『ヒッチコック映画術』を読んで、映画本にどっぷりはまりました
――宇多丸さんといえば、本当に沢山映画を日ごろからご覧になっているそうですが、正直飽きたなと思った事ってありますか。
宇多丸氏: 飽きてはいないですけど、大変だなって思います。でも本数の問題じゃないんですよね。むしろ、「シネマハスラー」を毎週一本やるというせいで、本数が観られなくなっているのが、すごくイヤなんですよね。要するにその1本のためにかけなきゃいけない、調べたりする手間やコストがすごくかかる。あと、その週に扱う物の事以外、あまり考えなくなったりしちゃうし。

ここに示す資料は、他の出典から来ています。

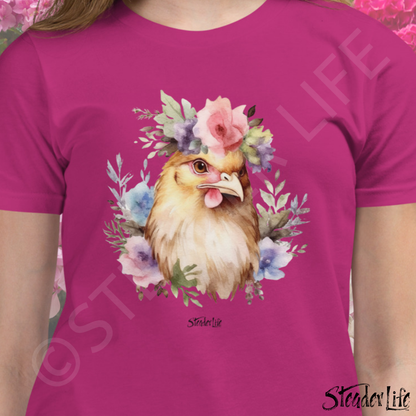 Beflowered Hen - Kids Tee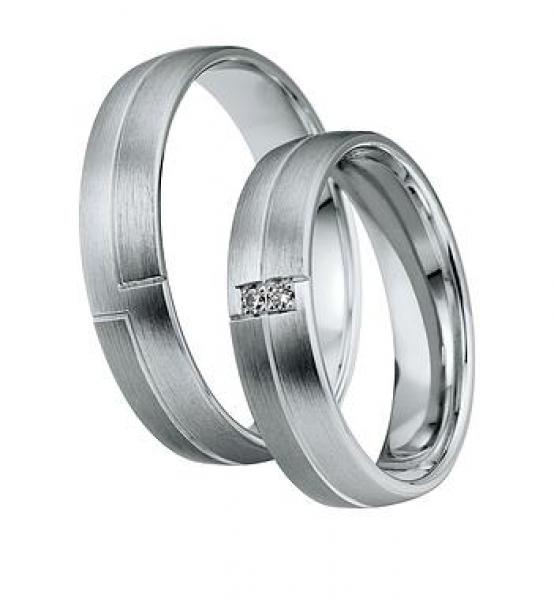 Trauringe Weissgold von Saint Maurice DR 831180 / HR 831190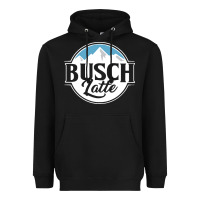 Black busch latte Heavyweight Hoodie - artisFamous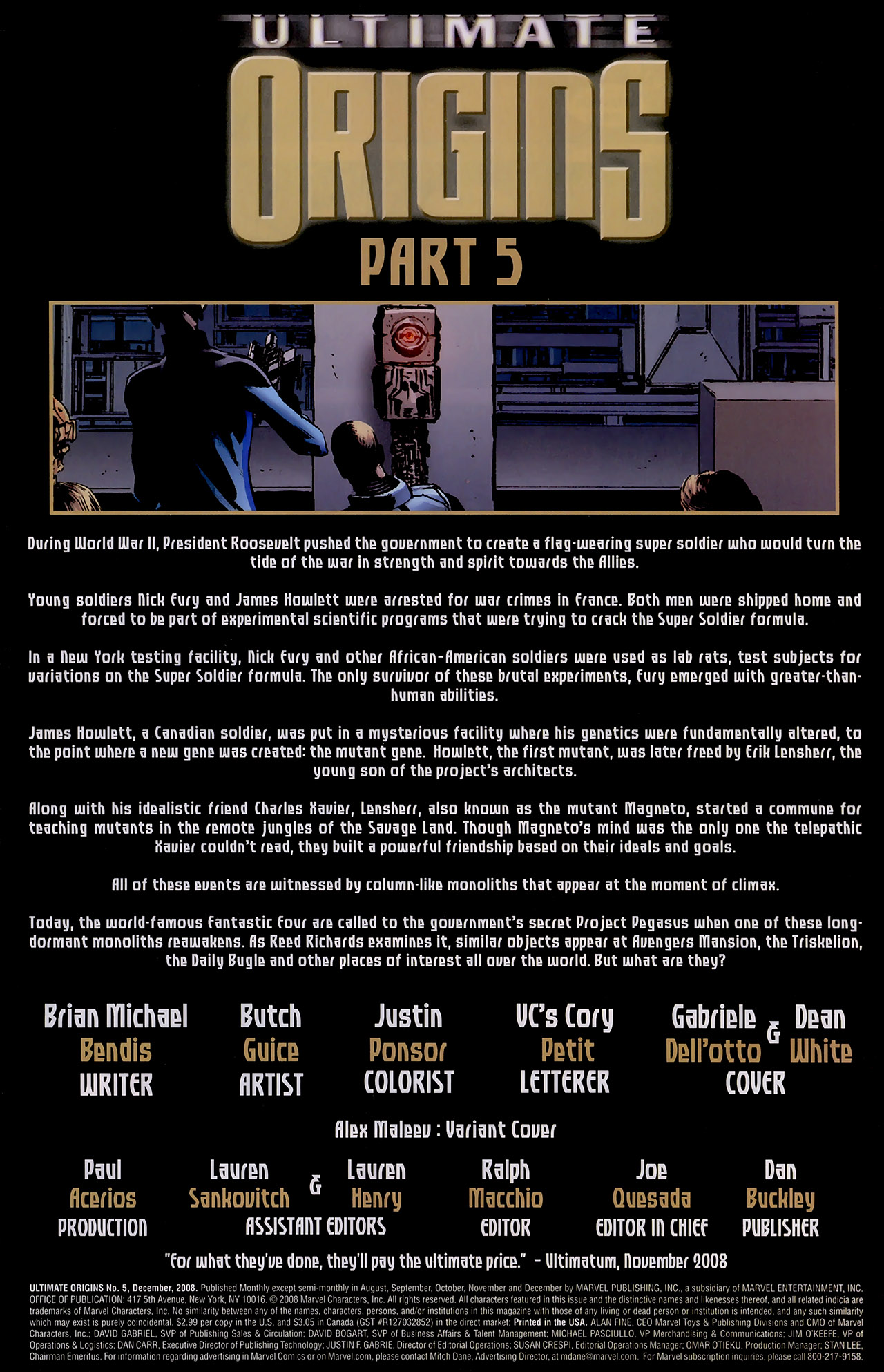 Read online Ultimate Origins comic -  Issue #5 - 2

ただ、その一方、見る映画の幅が広がって、豊かな経験をさせてもらっているなとは思っています。
当初、自分が観る予定じゃなかった映画を観るほうが多い。本の例えで言えば、「だいたいこの本にはこういう事が書かれているであろう」という、ある程度内容が想定できる本があります。こういう本のことを僕らは「強化系」と言っているんですけど、「もう知っているし思っているし」という事を強化するために読む読書ってあるじゃないですか。こういう読書はすごく自分にとっては心地いいし、これはこれで結構なんだけど、そればっかりやっているとちょっと視野が狭くなったりとか、考え方が貧しくなったりしてしまいがちなんですね。
映画も同じで、自分の好きなほうだけを掘り下げていくのはいいんだけど、自分が「イヤだな」と思う映画を観ることなどで、興味の対象の外側に触れていくというのも刺激的かなという気がするという感じでしょうか。ただ、これのせいで、本当に観るべき物とかを見逃していたりするのも事実なので。
でもイヤイヤ観ているから時間の無駄かっていうと、そんな事はないんですよね。例えば学校の教科書や課題図書などで、何でこんな物を読まされなきゃいけないんだと思ったものこそ、後から考えればちゃんと意義があったりとか。人間ひとりの嗜好や視野なんて放っておけば狭くなる一方だから、たまには外部の視点を無理くりにでも注入したほうがいい気がするんですよね。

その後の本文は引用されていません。